YOUR INSTRUCTIONS =
Leaving out every picture, copy the lines of the material below exactly, from the line containing "Man's Deerskin Gloves" through the line containing "Multicolored Vintage Dhurrie".
START GIVEN DATA
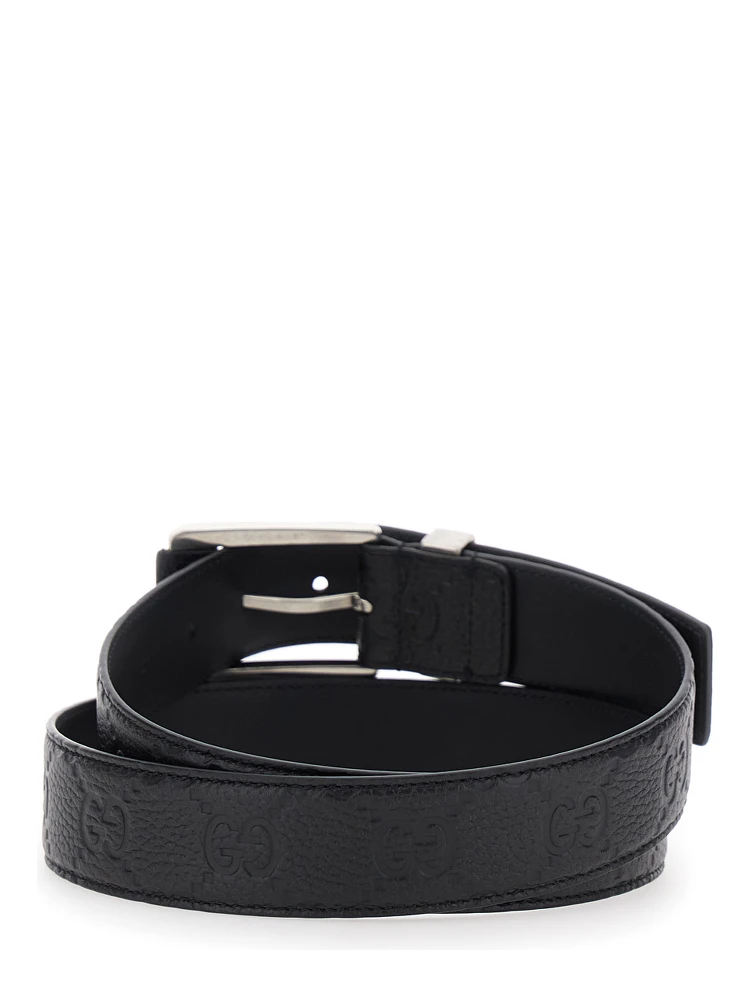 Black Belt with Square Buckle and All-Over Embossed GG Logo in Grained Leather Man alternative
END GIVEN DATA
START GIVEN DATA
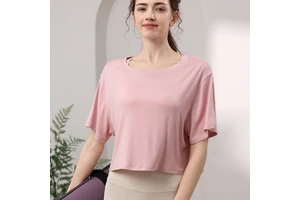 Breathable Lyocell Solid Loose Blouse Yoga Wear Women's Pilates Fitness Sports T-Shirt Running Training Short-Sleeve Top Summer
END GIVEN DATA
START GIVEN DATA
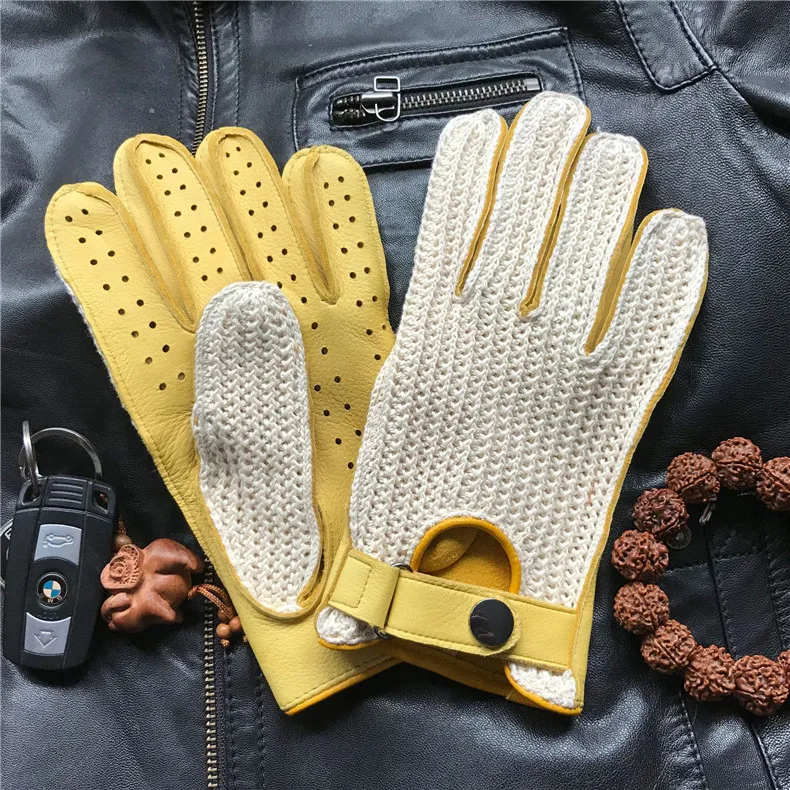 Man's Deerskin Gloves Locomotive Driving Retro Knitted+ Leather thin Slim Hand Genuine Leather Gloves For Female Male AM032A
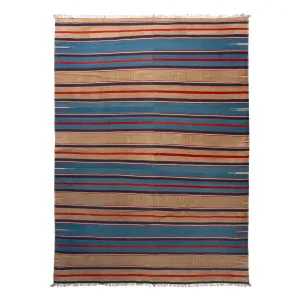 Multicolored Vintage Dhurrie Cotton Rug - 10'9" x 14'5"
END GIVEN DATA
TASK OUTPUT =
 Man's Deerskin Gloves Locomotive Driving Retro Knitted+ Leather thin Slim Hand Genuine Leather Gloves For Female Male AM032A
 Multicolored Vintage Dhurrie Cotton Rug - 10'9" x 14'5"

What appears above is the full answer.